What to do |
Please return exactly the lines from the one containing "太阳花的象征意义是什么 太阳花代表什么象征意义" through the end of the records, including both.

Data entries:
- - - - - - -

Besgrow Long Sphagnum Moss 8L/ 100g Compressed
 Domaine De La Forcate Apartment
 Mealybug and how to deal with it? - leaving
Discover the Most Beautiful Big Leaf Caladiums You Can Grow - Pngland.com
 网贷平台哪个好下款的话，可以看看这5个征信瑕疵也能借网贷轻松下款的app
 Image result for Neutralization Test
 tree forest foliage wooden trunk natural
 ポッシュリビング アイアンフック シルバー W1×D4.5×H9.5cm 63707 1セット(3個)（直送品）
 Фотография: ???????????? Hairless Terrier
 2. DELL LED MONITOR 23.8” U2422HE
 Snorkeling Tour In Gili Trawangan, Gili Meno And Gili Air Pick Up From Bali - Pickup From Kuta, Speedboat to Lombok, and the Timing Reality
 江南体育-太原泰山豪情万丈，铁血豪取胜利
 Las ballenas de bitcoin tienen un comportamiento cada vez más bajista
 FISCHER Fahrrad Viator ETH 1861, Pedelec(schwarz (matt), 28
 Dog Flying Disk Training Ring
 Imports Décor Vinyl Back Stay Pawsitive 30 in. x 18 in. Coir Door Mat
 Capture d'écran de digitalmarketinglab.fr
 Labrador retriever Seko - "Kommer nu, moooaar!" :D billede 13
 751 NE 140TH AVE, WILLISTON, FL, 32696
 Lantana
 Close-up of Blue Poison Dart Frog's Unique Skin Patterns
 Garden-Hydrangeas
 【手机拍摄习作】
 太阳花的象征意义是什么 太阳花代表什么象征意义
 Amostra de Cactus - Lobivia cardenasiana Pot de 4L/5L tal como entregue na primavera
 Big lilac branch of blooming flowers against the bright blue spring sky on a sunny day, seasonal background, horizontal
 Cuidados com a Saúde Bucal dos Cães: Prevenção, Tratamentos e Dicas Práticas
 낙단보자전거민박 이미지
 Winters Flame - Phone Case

- - - - - - -

Problem solution |
 太阳花的象征意义是什么 太阳花代表什么象征意义
 Amostra de Cactus - Lobivia cardenasiana Pot de 4L/5L tal como entregue na primavera
 Big lilac branch of blooming flowers against the bright blue spring sky on a sunny day, seasonal background, horizontal
 Cuidados com a Saúde Bucal dos Cães: Prevenção, Tratamentos e Dicas Práticas
 낙단보자전거민박 이미지
 Winters Flame - Phone Case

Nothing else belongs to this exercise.